Material provided →
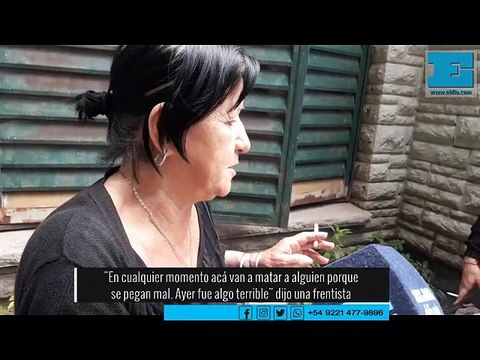 La preocupación de los vecinos por las peleas entre alumnos: acá van a matar a alguien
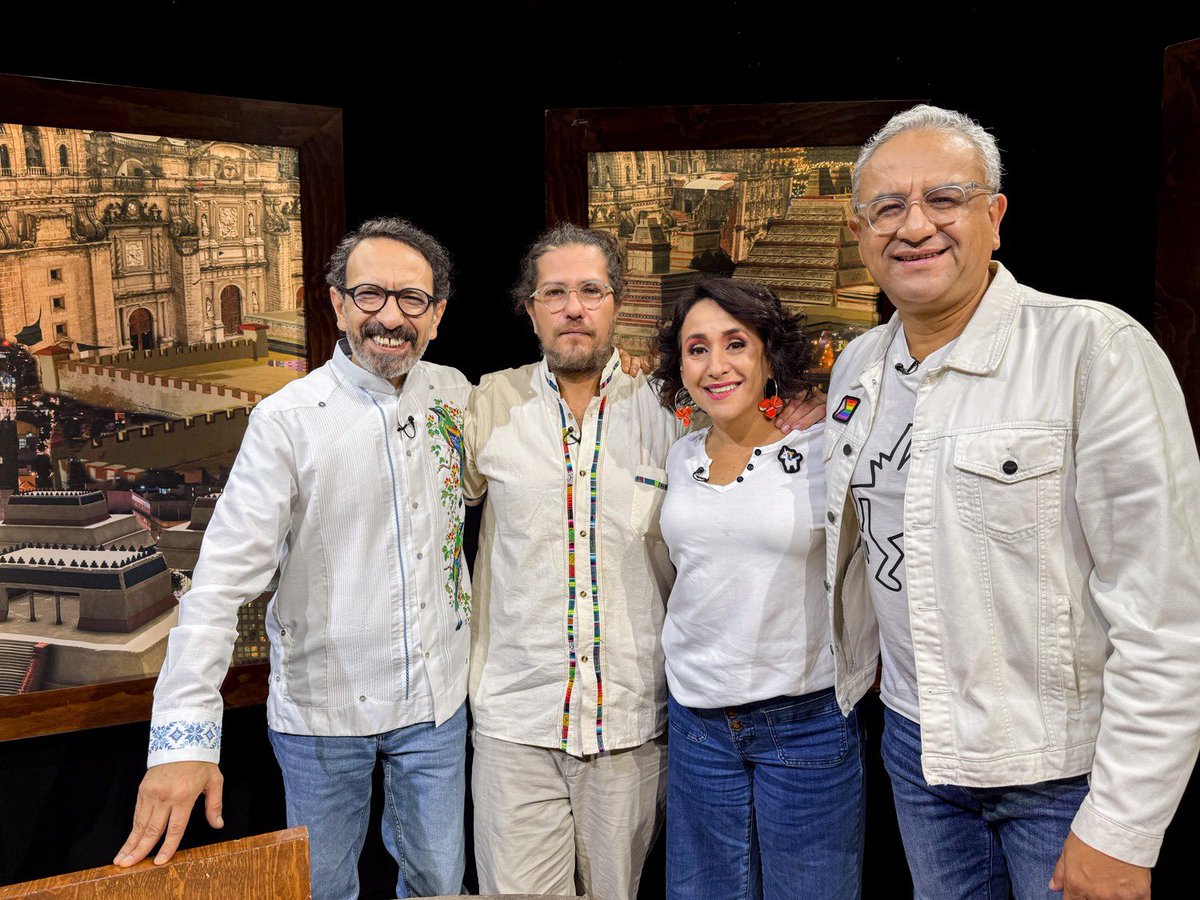 Nos vemos a las 10 en <a href="/MamutOperacion/">Operación Mamut</a> por <a href="/CanalOnceTV/">Canal Once</a> Hoy hablaremos sobre el genocidio al pueblo palestino y otras catástrofes con <a href="/ExoSapiens/">Christian Nader</a> 
<a href="/norareinachula/">Nora Huerta</a> <a href="/jairocalixto/">Jairo Calixto</a> <a href="/cecisotres/">Ceci Sotres</a> <a href="/laleonaconchi/">Conchi León</a> <a href="/Tachonauta/">Oscar Quezada Pablo</a>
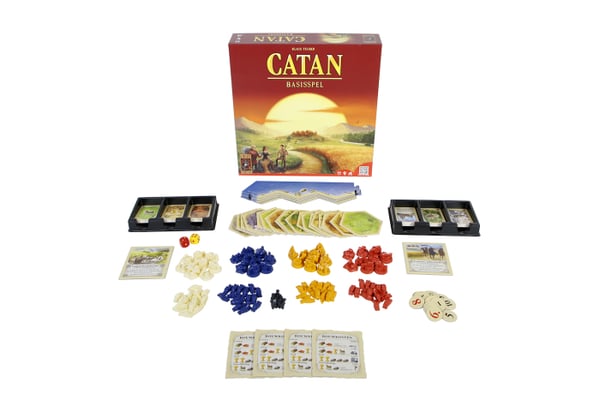 999 Games Catan Brætspil Strategi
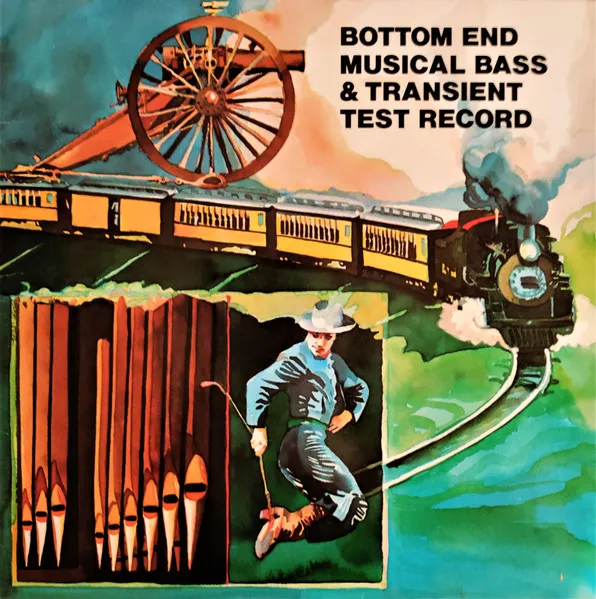 Bottom End Musical Bass & Transient Test Record Volume II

Work request → None of the pictures should appear; the rest of the entries must be reproduced exactly.

Answer for the task →
 La preocupación de los vecinos por las peleas entre alumnos: acá van a matar a alguien
 Nos vemos a las 10 en <a href="/MamutOperacion/">Operación Mamut</a> por <a href="/CanalOnceTV/">Canal Once</a> Hoy hablaremos sobre el genocidio al pueblo palestino y otras catástrofes con <a href="/ExoSapiens/">Christian Nader</a> 
<a href="/norareinachula/">Nora Huerta</a> <a href="/jairocalixto/">Jairo Calixto</a> <a href="/cecisotres/">Ceci Sotres</a> <a href="/laleonaconchi/">Conchi León</a> <a href="/Tachonauta/">Oscar Quezada Pablo</a>
 999 Games Catan Brætspil Strategi
 Bottom End Musical Bass & Transient Test Record Volume II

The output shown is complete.